# [INSTRUCTIONS TO FOLLOW]
Produce a word-for-word copy of the line that contains "a man wearing" and each line after it through the end of the material, omitting pictures and all other lines.

********

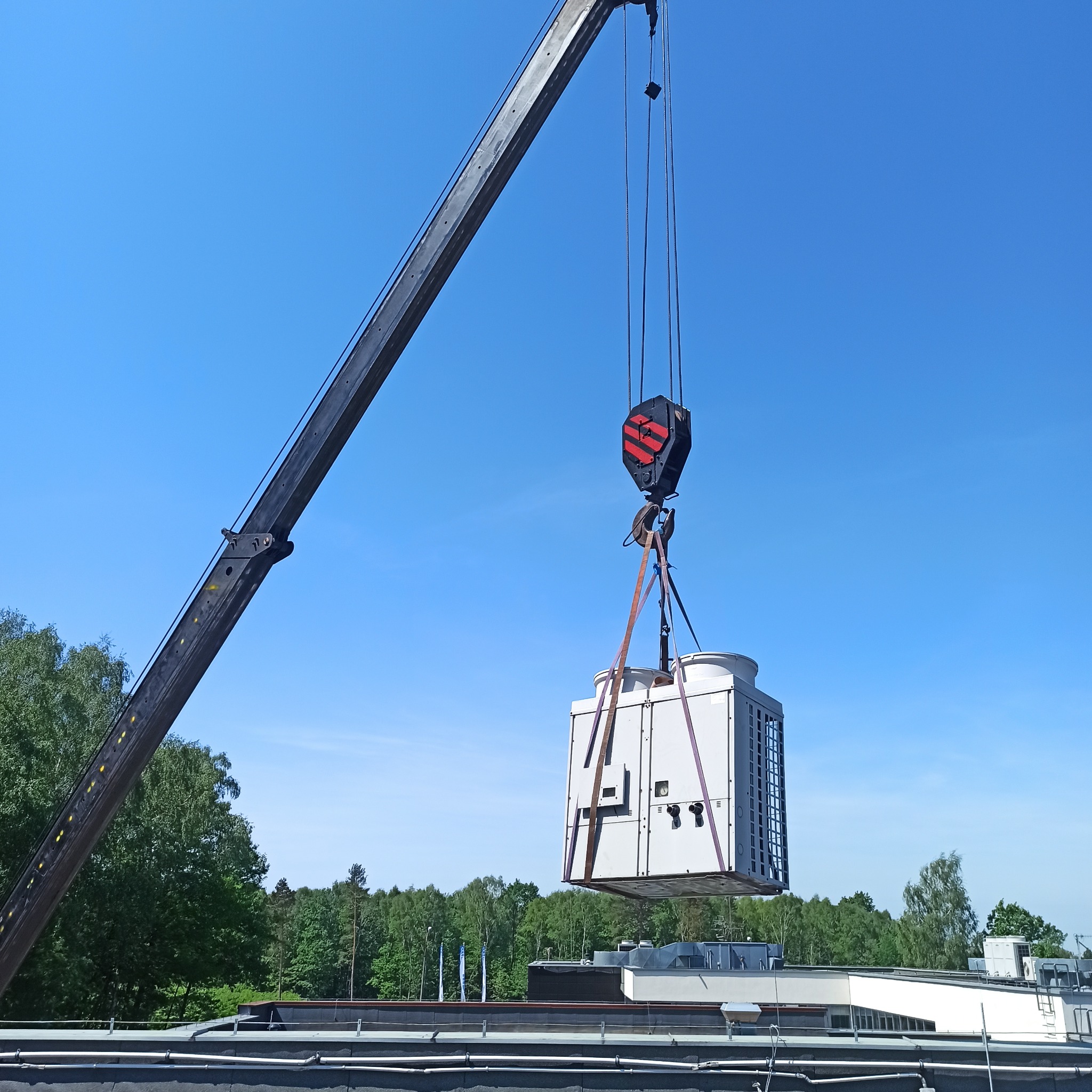 Montaż klimatyzacji na dachu budynku za pomocą dźwigu. Widok na urządzenie, dźwig i błękitne niebo. W tle zieleń drzew. Prace instalacyjne w toku.
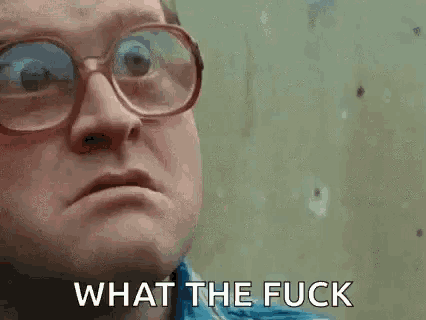 a man wearing glasses is making a face and says what the fuck .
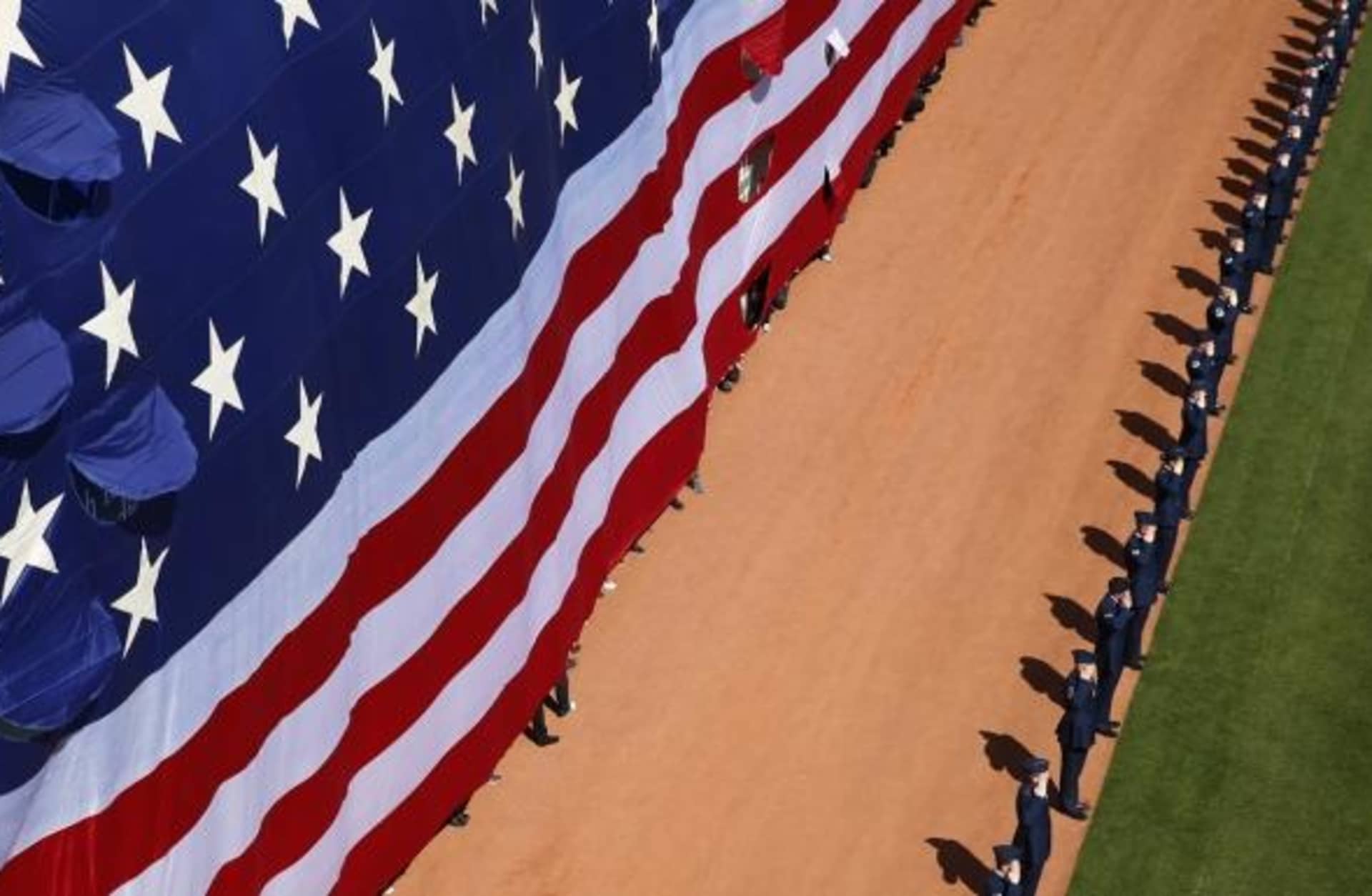 A giant flag lowered for the national anthem during the Red Sox home opener at Fenway Park in Boston, 2015. (Credit: Jessica Rinaldi/The Boston Globe via Getty Images)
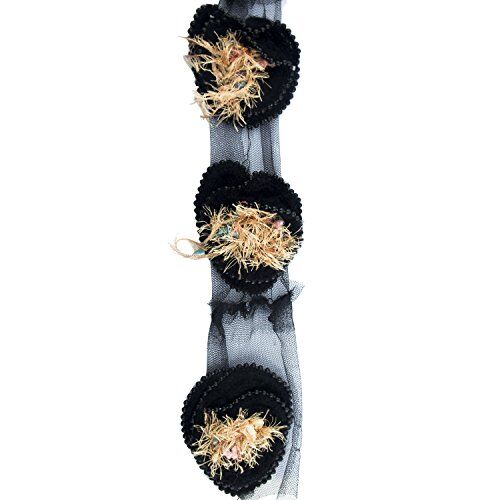 Close-up of black knitted decorative rosettes trim with beading.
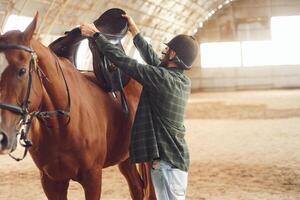 Installing the saddle.. Young man with a horse is in the hangar photo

********

# [RESULT]
 a man wearing glasses is making a face and says what the fuck .
 A giant flag lowered for the national anthem during the Red Sox home opener at Fenway Park in Boston, 2015. (Credit: Jessica Rinaldi/The Boston Globe via Getty Images)
 Close-up of black knitted decorative rosettes trim with beading.
 Installing the saddle.. Young man with a horse is in the hangar photo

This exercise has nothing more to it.